_Information provided_
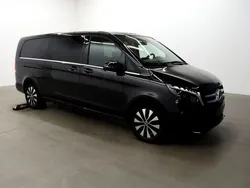 Obsidianschwarz metallic Gebraucht 2023 Mercedes V300 Avantgarde Van / Kleinbus | 56.890 €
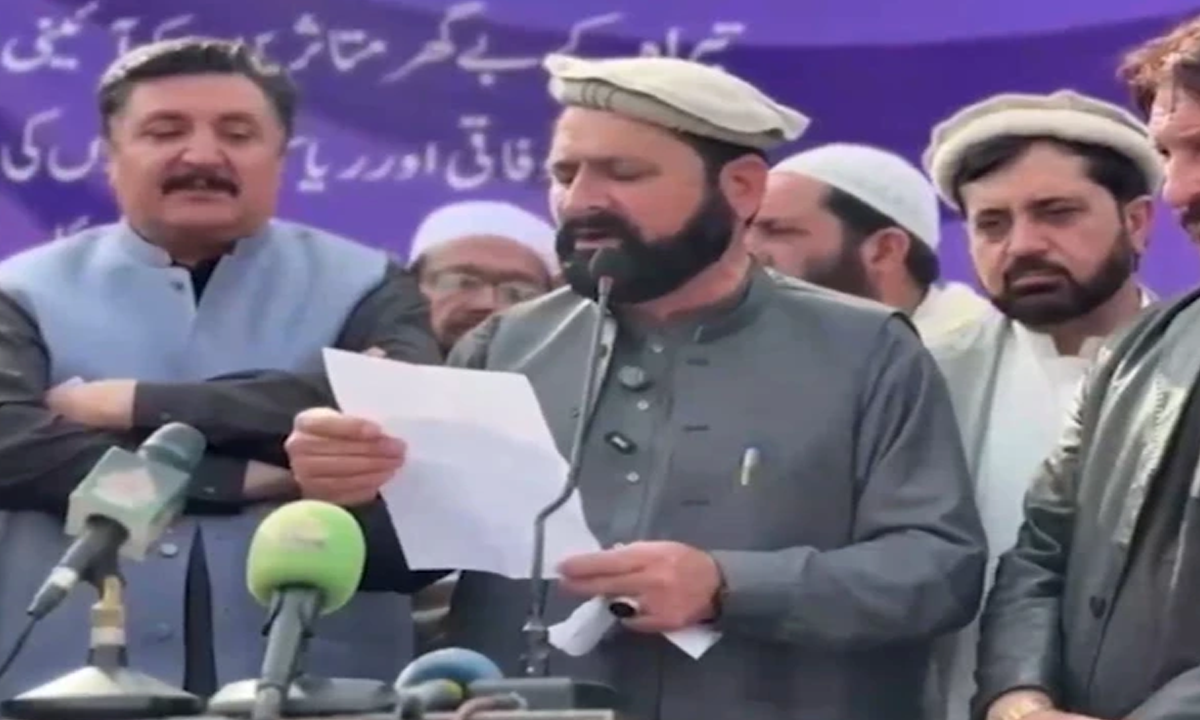 People raise questions on poor quality of road in Zakha Khail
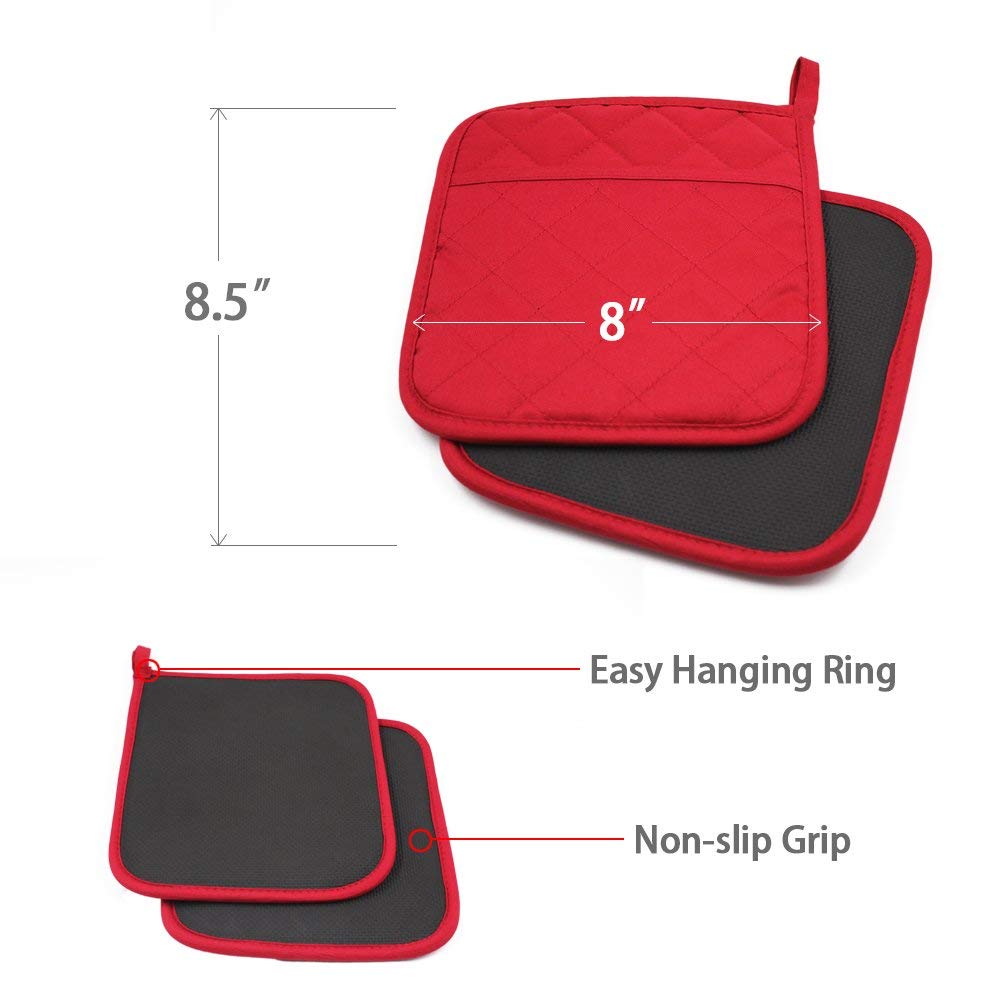 YEKOO pocket oven mitts provide secure grip on hot dishes.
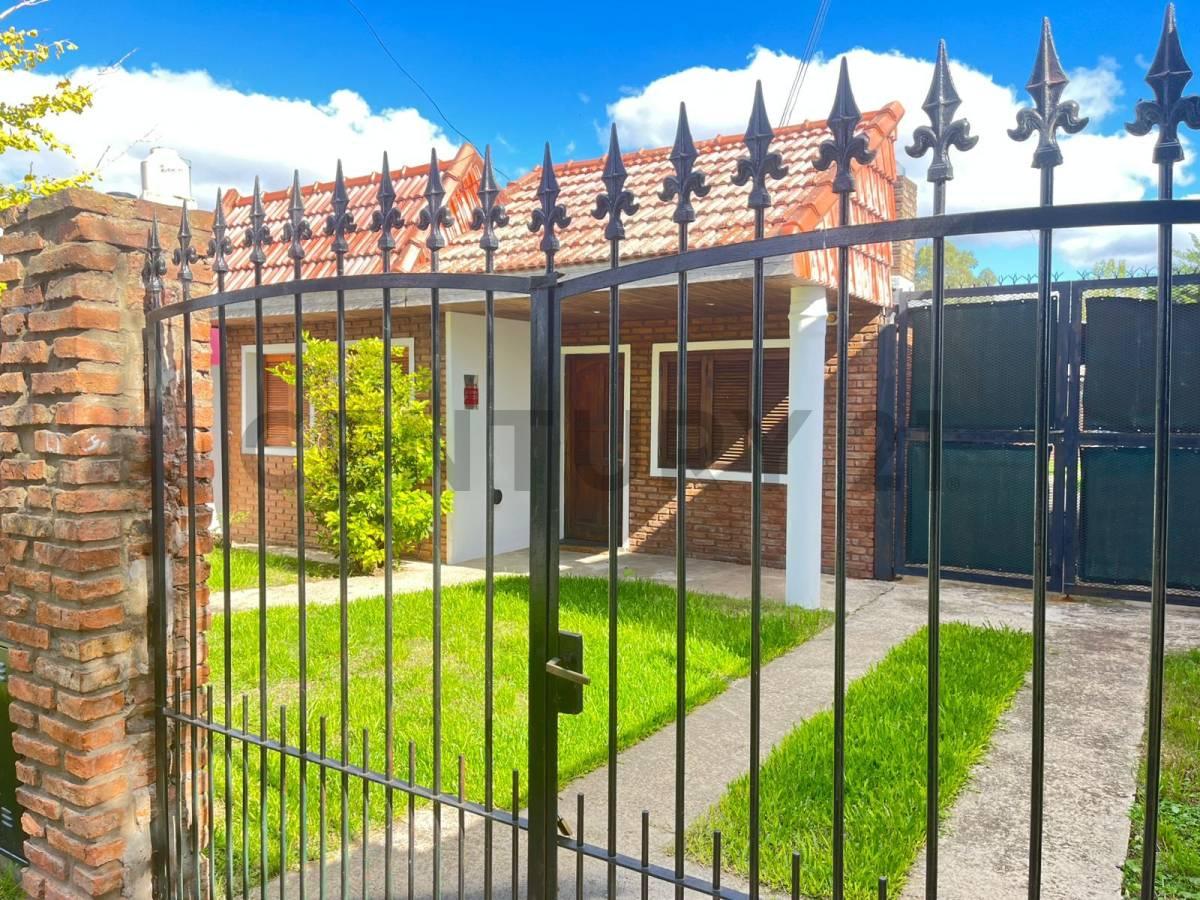 CASA EN VENTA 3 DORMITORIOS, APTA BANCO EN HERNANDEZ, LA PLATA — foto 1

_Work instruction_
The range to set down runs from the line containing "People raise questions" through the final line of the data, both ends included; give it exactly and drop the pictures.

_Solution to the exercise_
 People raise questions on poor quality of road in Zakha Khail
 YEKOO pocket oven mitts provide secure grip on hot dishes.
 CASA EN VENTA 3 DORMITORIOS, APTA BANCO EN HERNANDEZ, LA PLATA — foto 1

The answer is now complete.